Where should the data center be?
http://www.onestopclick.com/news/Managed-data-centre-set-for-move_18671603.html
One firm has chosen to move its managed data centre outside of its London Docklands base.
Desdner Kleinwort has chosen to move the centre to Watford as part of a multimillion pound project.
It hopes the move will reduce costs and energy usage, with the company saying rising energy bills had “certainly influenced” their plans.
It will be interesting to see if we will see more organizations move further afield away from the London area, as a result of reducing costs, or as part of their strategy to be more efficient with the IT infrastructure. In some respects it can make more sense operationally and financially to move those back office/administration systems, those ones that might not ‘generate’ direct revenue out of your prime real estate or even to outsource it. To have my tier one systems, my core business functions where the business is, connected to the real time market feeds, whether the server that stores my word documents, or the web server that allows me to book a meeting room is downstairs or 100 miles away is of limited consequence if we can support it, deliver service and free up more space, more power for systems that connect me to the market, limit my risk or directly generate revenue or prestige for my organization.

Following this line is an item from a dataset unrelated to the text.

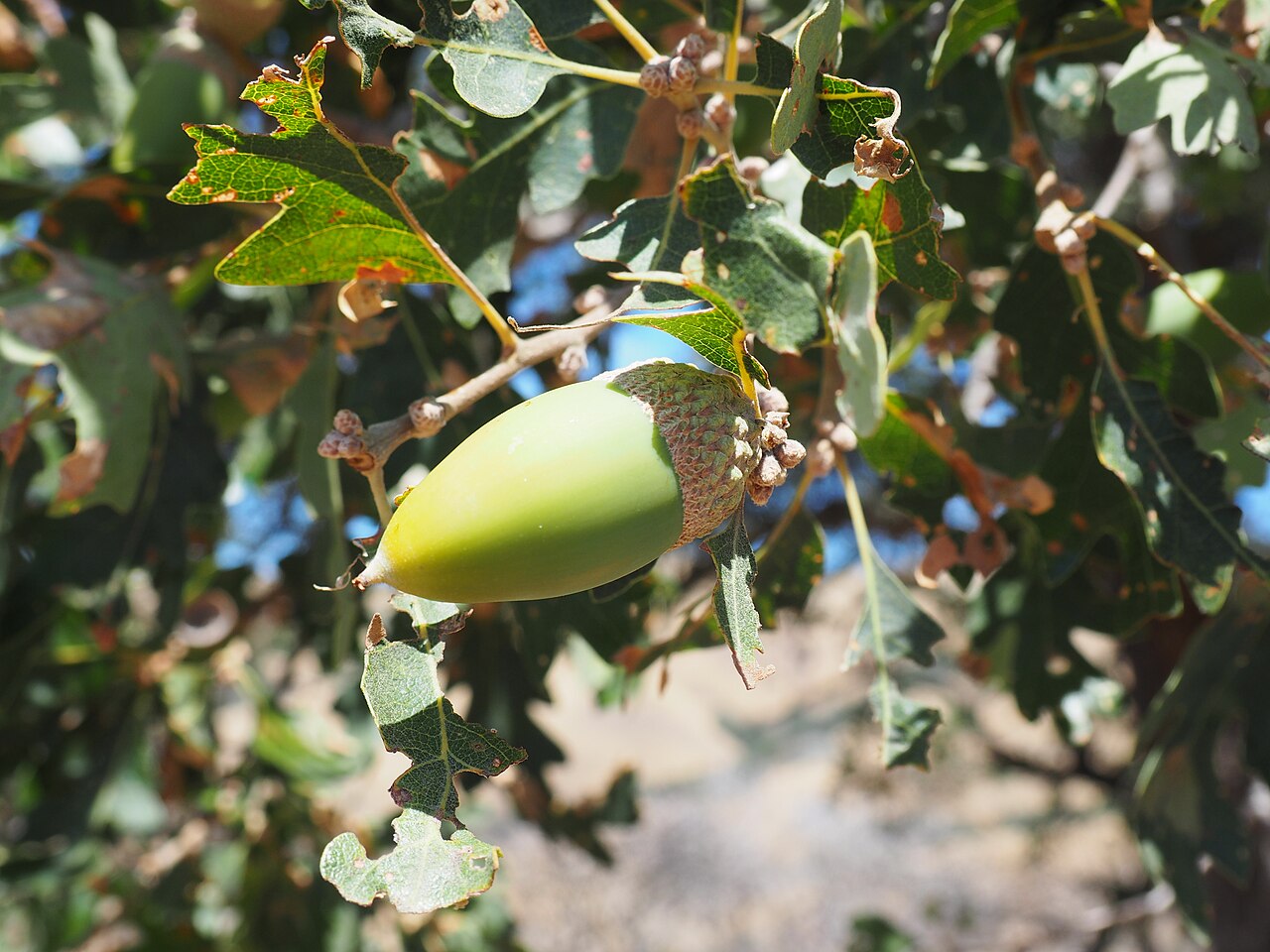 Valley Oak (Quercus lobata) - PlantNative.org Large elongated green acorn of Valley oak with pointed tip and warty cap among lobed leaves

Comment by Dan C on 18 July 2008:
We are in the process of doing much the same; decommissioning our relatively old installations at Docklands in favour of leaving the city.
For us this is partly a result of density and costs. Partly a result of our own business not indeed being located near Docklands. It seems that there is no longer a requirement - that of resources or mindset - that datacenters need to be in the city. Which can only be a positive change in my mind.